Mortgage applications on Wednesday became the latest sign showing how hard rates are hitting housing. And it could get worse.
The volume of mortgage applications for purchases dropped 13% last week compared with the previous week, according to the Mortgage Bankers Association (MBA), while refinance activity, a measure most sensitive to weekly interest rate moves, plunged 18%. Purchase apps were down 37% year over year and refis were 86% lower.
“The U.S. housing market is being brought to its knees by the Federal Reserve,” said George Pearkes, a macro strategist at Bespoke Investments, who estimates “a fall of at least 10% more from here is probably something we can expect to see [in mortgage applications], although these processes take time.”
A similar sentiment came from Sam Hall, property economist at Capital Economics.

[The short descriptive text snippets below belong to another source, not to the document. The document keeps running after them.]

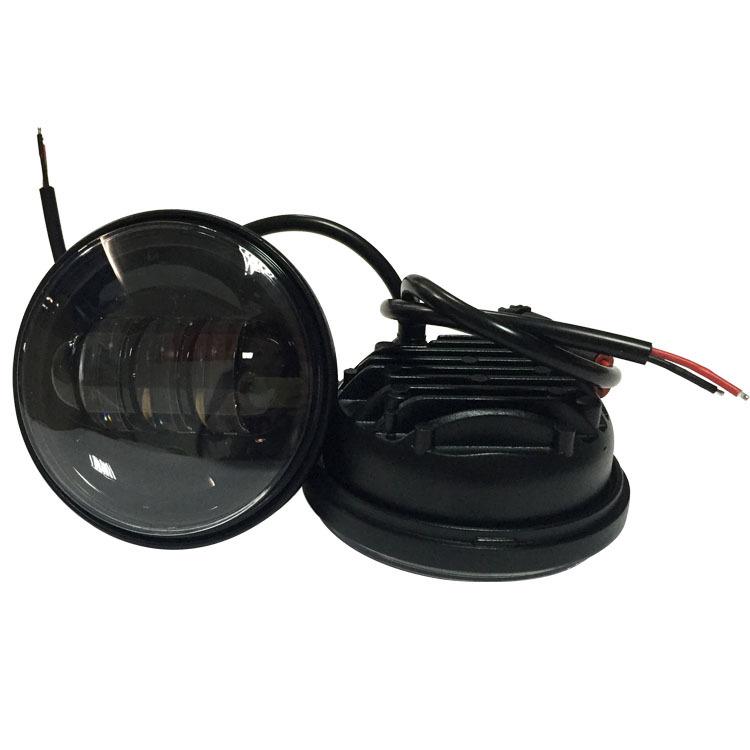 4.5" LED Fog Lights for Harley Davidson Motorcycle Headlights & Aux Lights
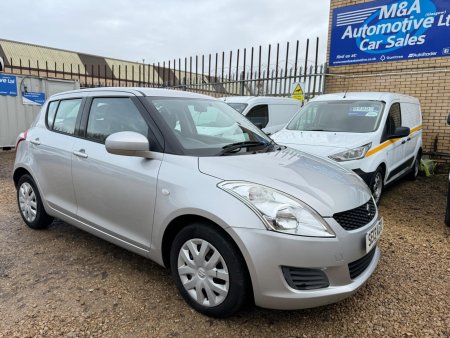 SUZUKI SWIFT 1.2 SZ2 Euro 5 5dr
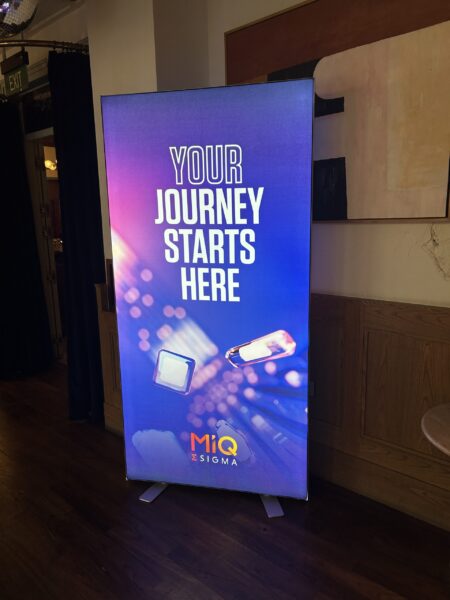 Enliten Banner Stand 1mWx2mH - Image 3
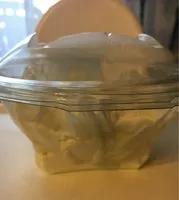 Mängden socker i Chantilly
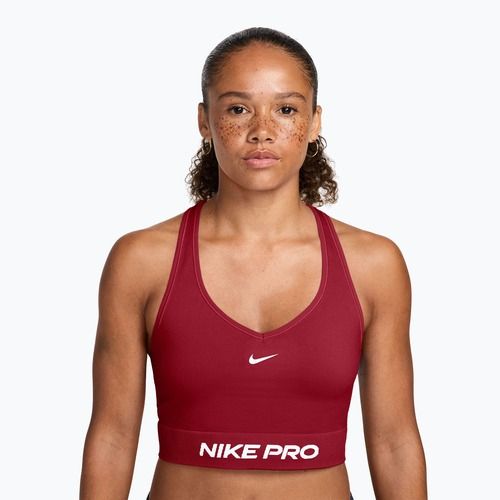 Trainings-Top Nike Pro Seamless tough red/white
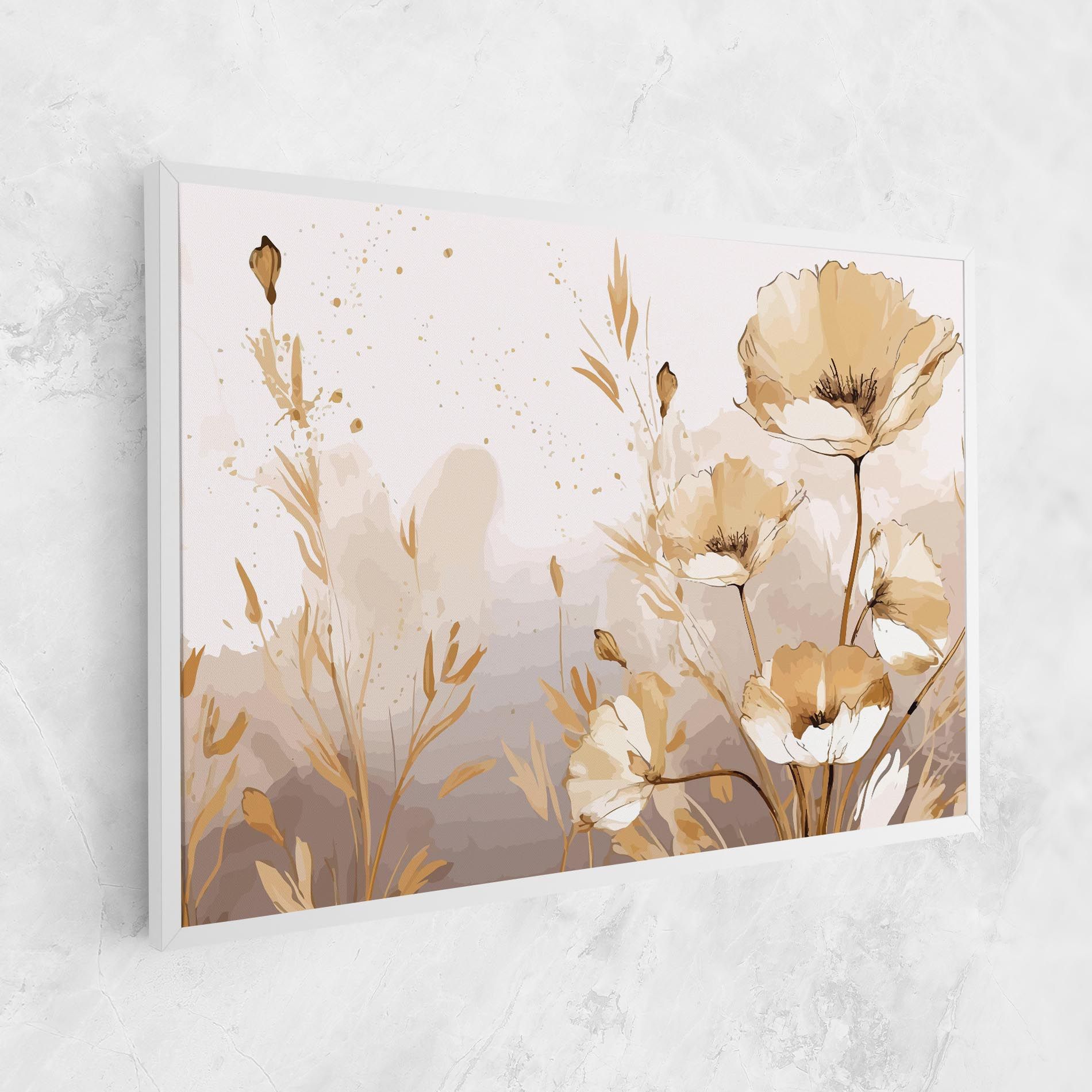 Gold Cream Poppy mockup 1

“So far credit conditions have loosened only gradually even as demand has plummeted. It therefore seems unlikely that mortgage applications will rebound in the coming months,” Hall said. “If anything, we think there is room for them to edge down a little lower.”
Over the last seven weeks, the 30-year fixed rate has increased 1.3 percentage points, more than double versus last year, adding further headwinds to buying. The rate jumped to 6.70% last week from 6.29% the previous week, according to Freddie Mac, its highest level since July 2007.

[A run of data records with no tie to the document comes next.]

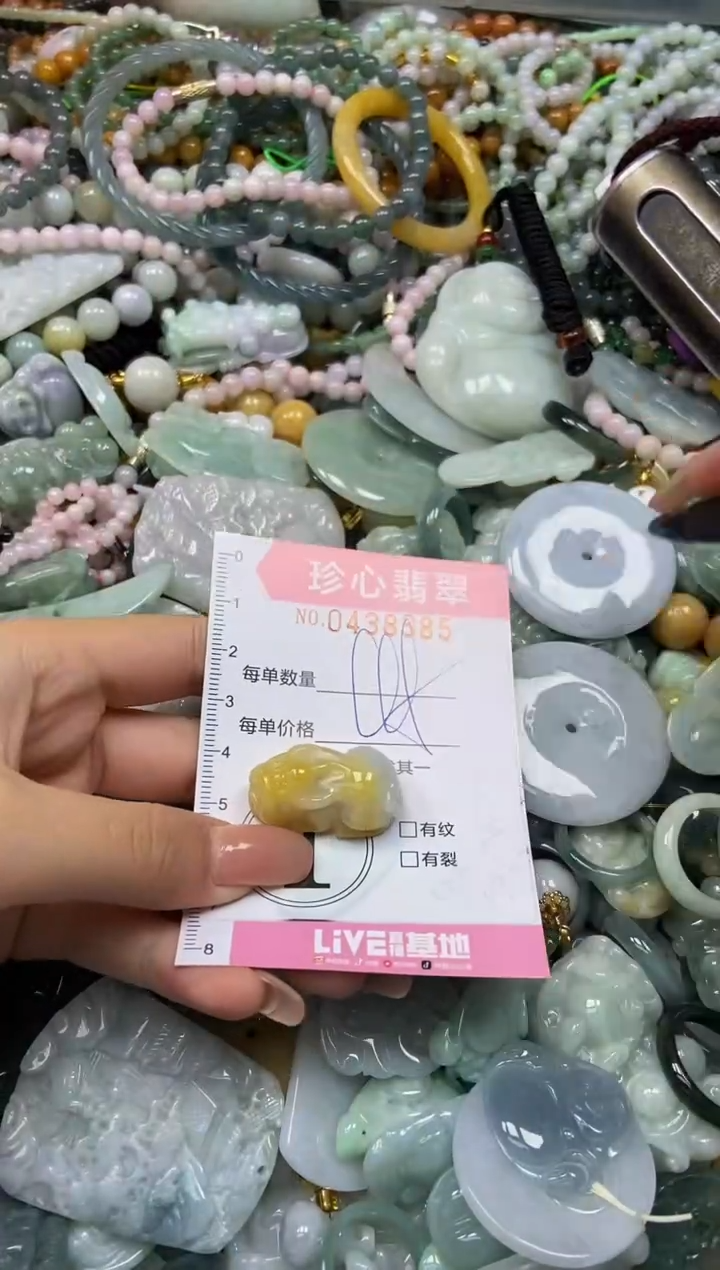 颈饰未镶嵌翡翠闪购0438385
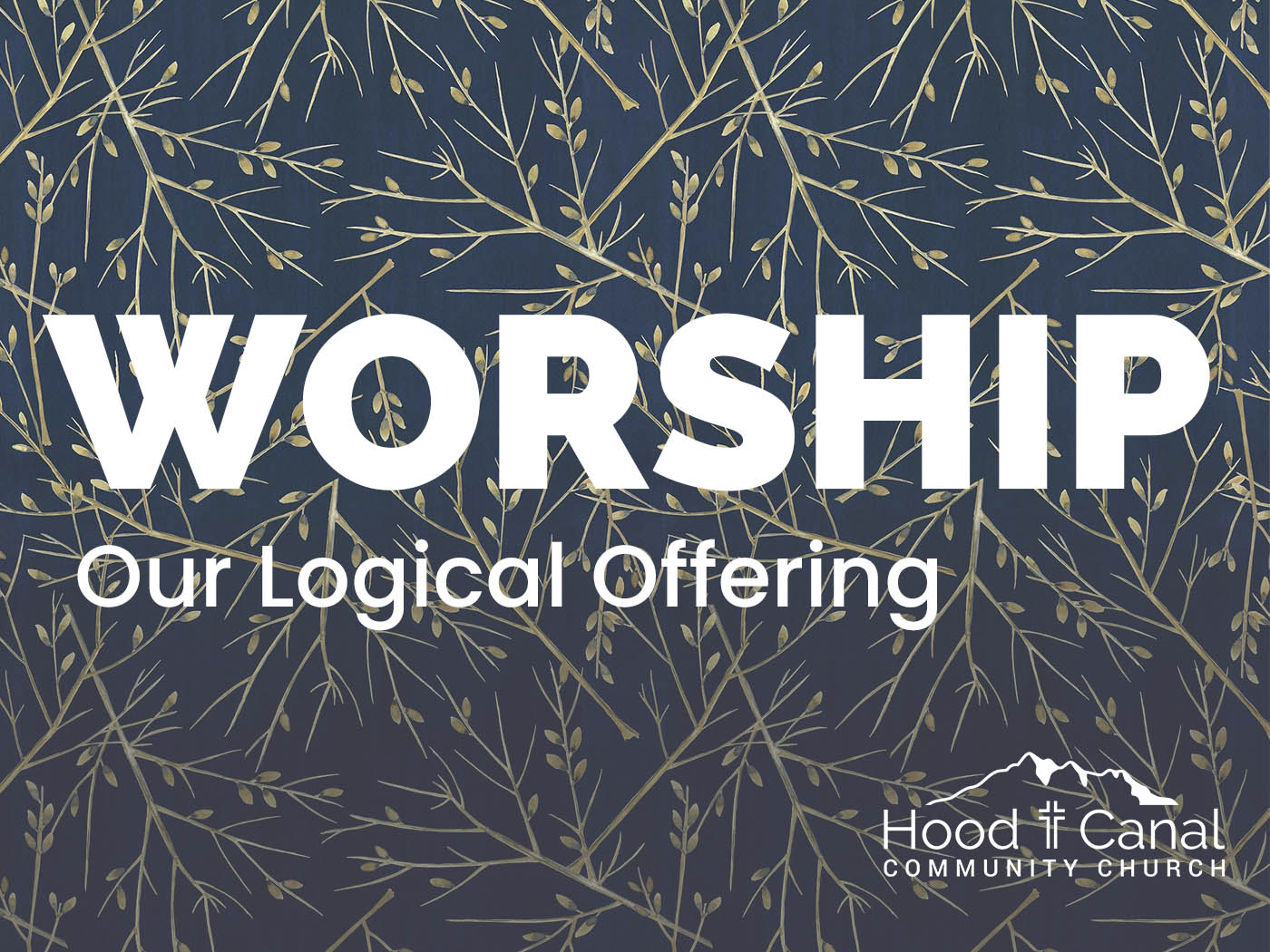 Worship - Our Logical Offering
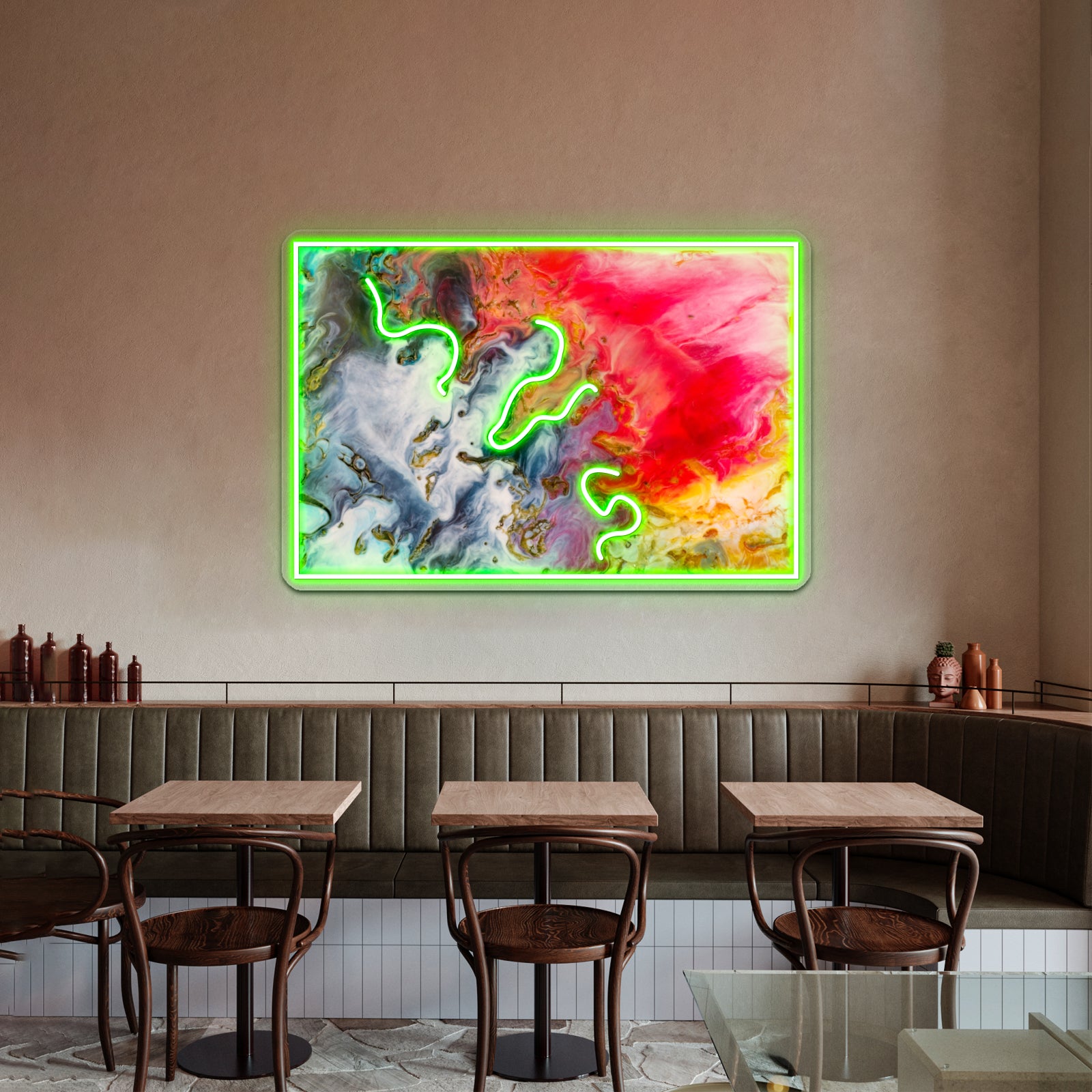 Liquid Colour Wall Artwork Neon Signs | Shineneon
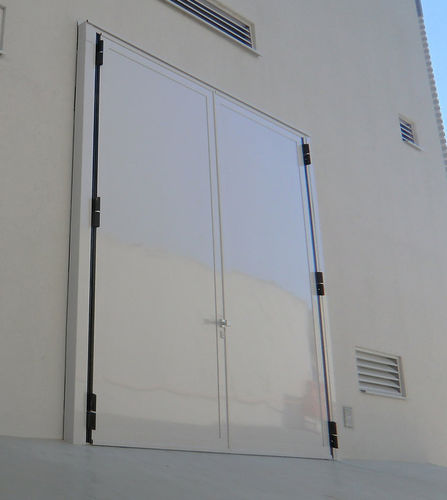 Porta in alluminio - ST602Z - Schneider Torsysteme Gesellschaft m.b.H - per interno / design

The latest uptick in rising rates is caused in part by the Federal Reserve’s moves to cool inflation. The central bank raised its benchmark interest rate by 0.75% for the third consecutive time as they aim to ease demand.
And there’s no relief on the horizon as the Fed has not indicated that “they’re backing off,” Pearkes said, so the market will continue to see “slower mortgage applications because we’ll see higher mortgage rates.”
Climbing rates have tacked on $337 or 15%, to the typical monthly mortgage payment over the past six weeks alone, according to a Redfin report. And while price gains are decelerating, they’re still increasing. Prices in July rose 15.8% over the same month last year, the S&P CoreLogic Case-Shiller index showed.
As a result of higher interest rates, some homebuyers have turned to more adjustable-rate mortgages (ARMs), which offer a lower initial interest rate. ARM applications made up 11.8% of all mortgage applications in MBA’s latest release, up from 8.5% a month ago.
“With rates that high and housing prices as high as they’ve been, the affordability of mortgage payments is negligible. There’s almost nobody that can actually afford to transact in this housing market,” Pearkes said. “And the result is a complete collapse in demand for home purchases and therefore for mortgage loans.”